ASSIGNED TASK ▸ Starting at the line that contains "Federated Learning architecture for IoT" and stopping at the line that contains "농구토토 스페셜+ 14회차", transcribe every line of the material below exactly; pictures stay out.

DATA FOR PROCESSING ▸
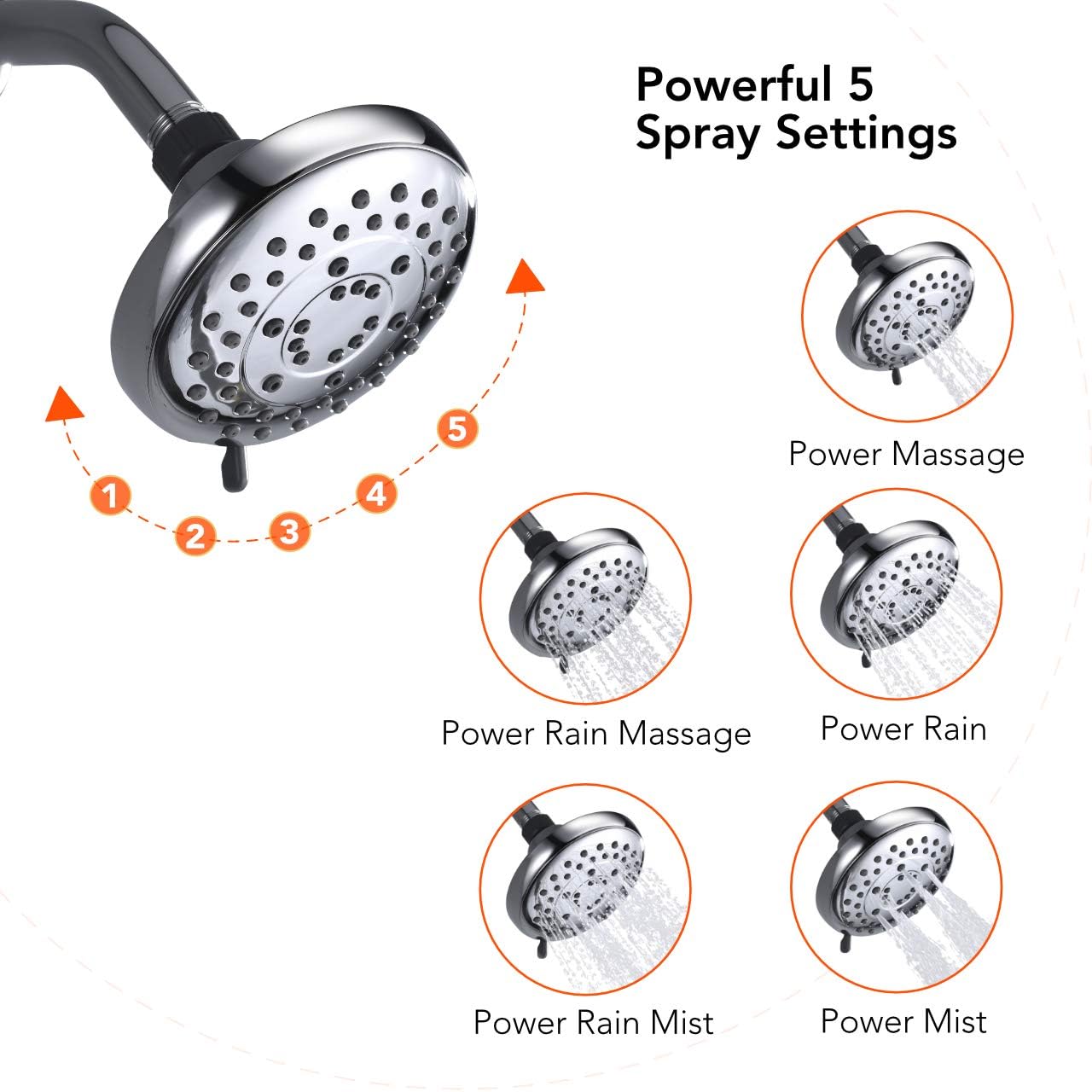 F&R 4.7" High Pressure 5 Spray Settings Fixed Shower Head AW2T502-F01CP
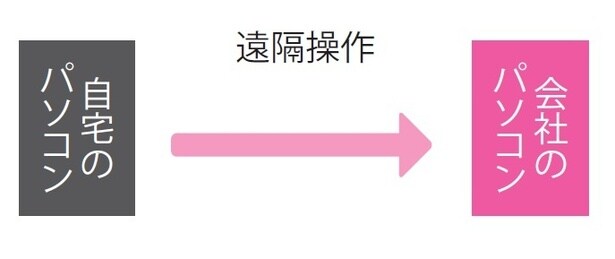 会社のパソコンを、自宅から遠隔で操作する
--
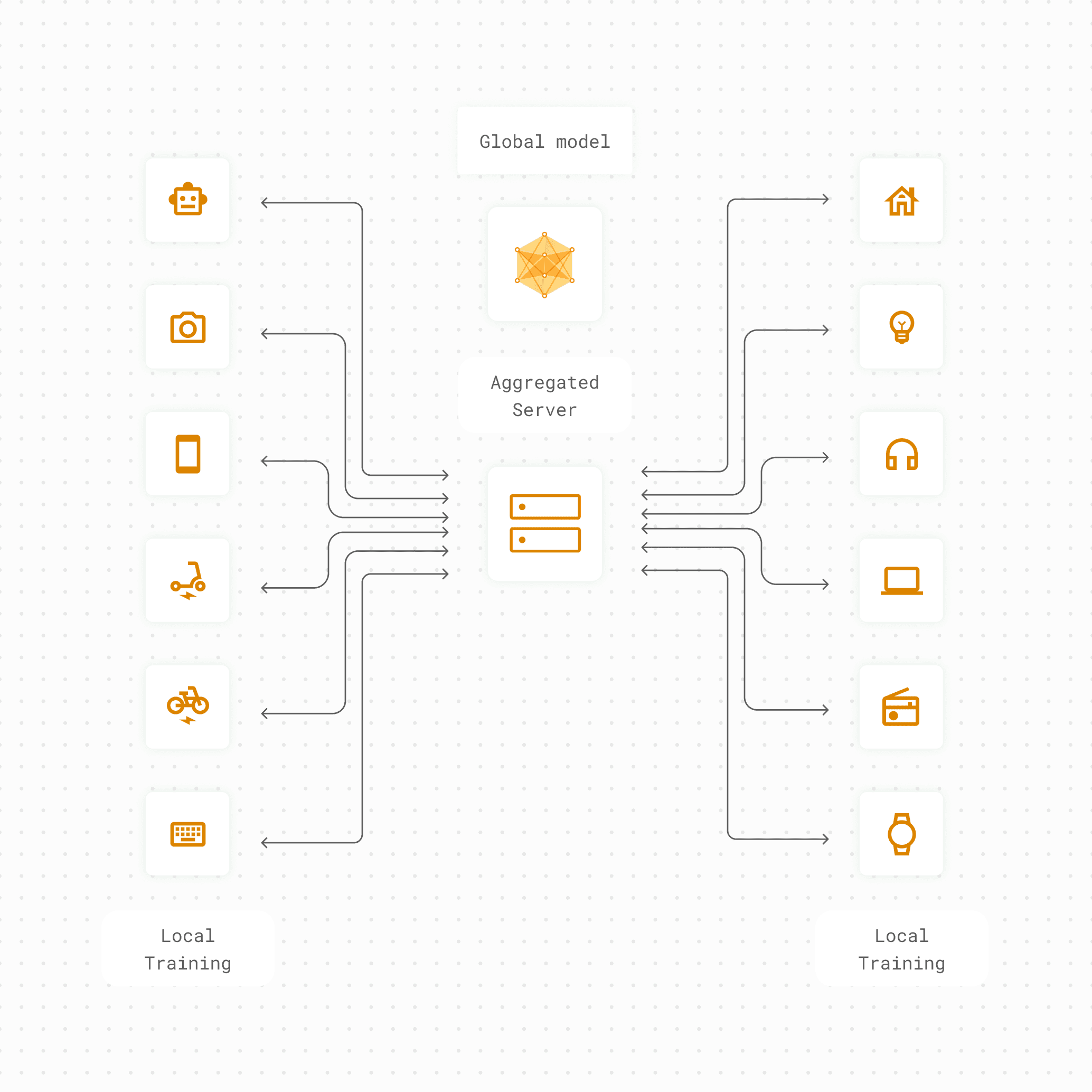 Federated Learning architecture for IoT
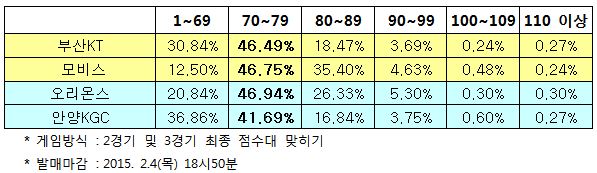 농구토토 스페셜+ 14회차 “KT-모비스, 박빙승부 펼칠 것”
...
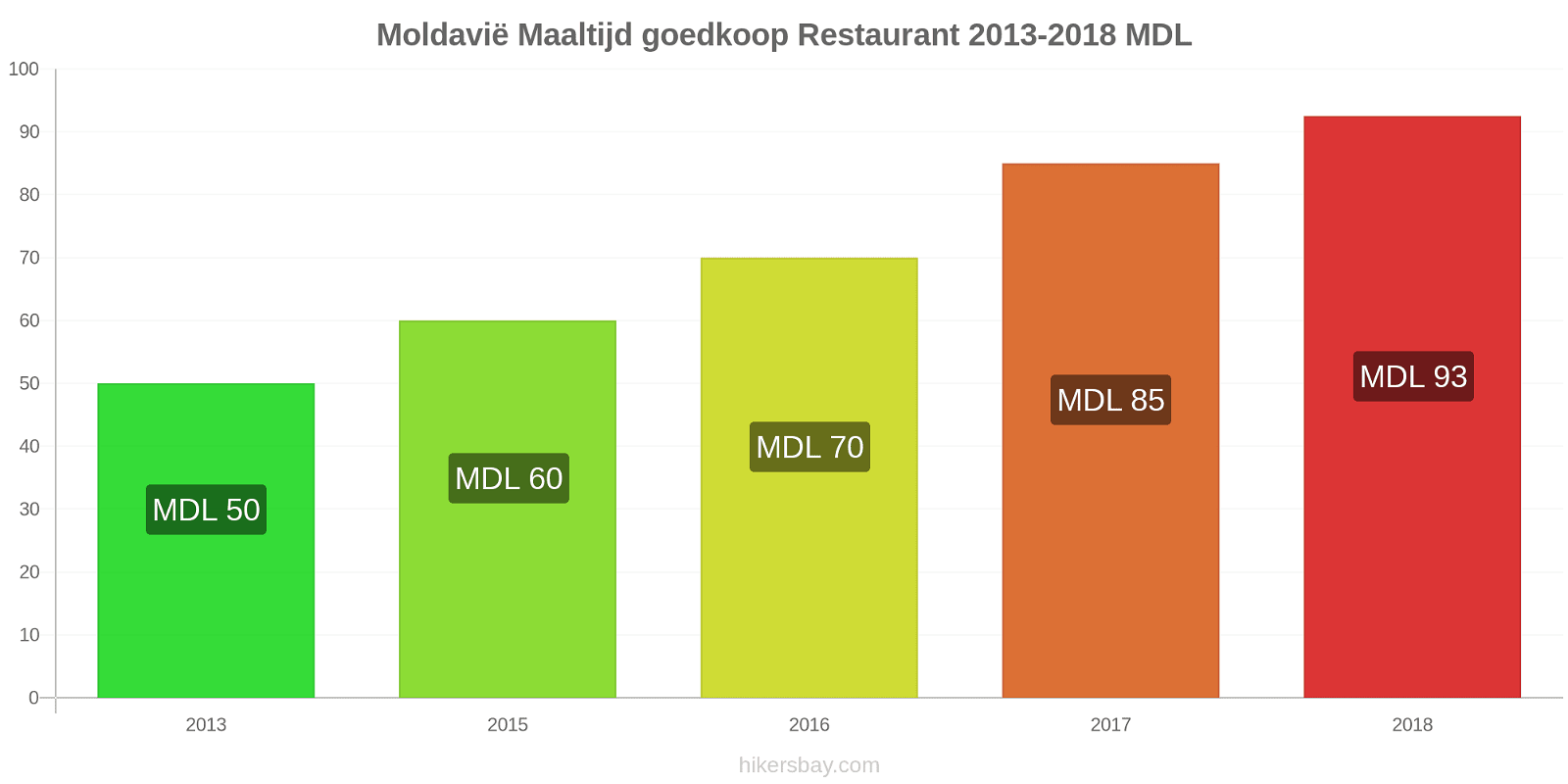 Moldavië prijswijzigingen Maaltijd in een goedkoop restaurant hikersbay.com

RESPONSE TO THE EXERCISE ▸
 Federated Learning architecture for IoT
 농구토토 스페셜+ 14회차 “KT-모비스, 박빙승부 펼칠 것”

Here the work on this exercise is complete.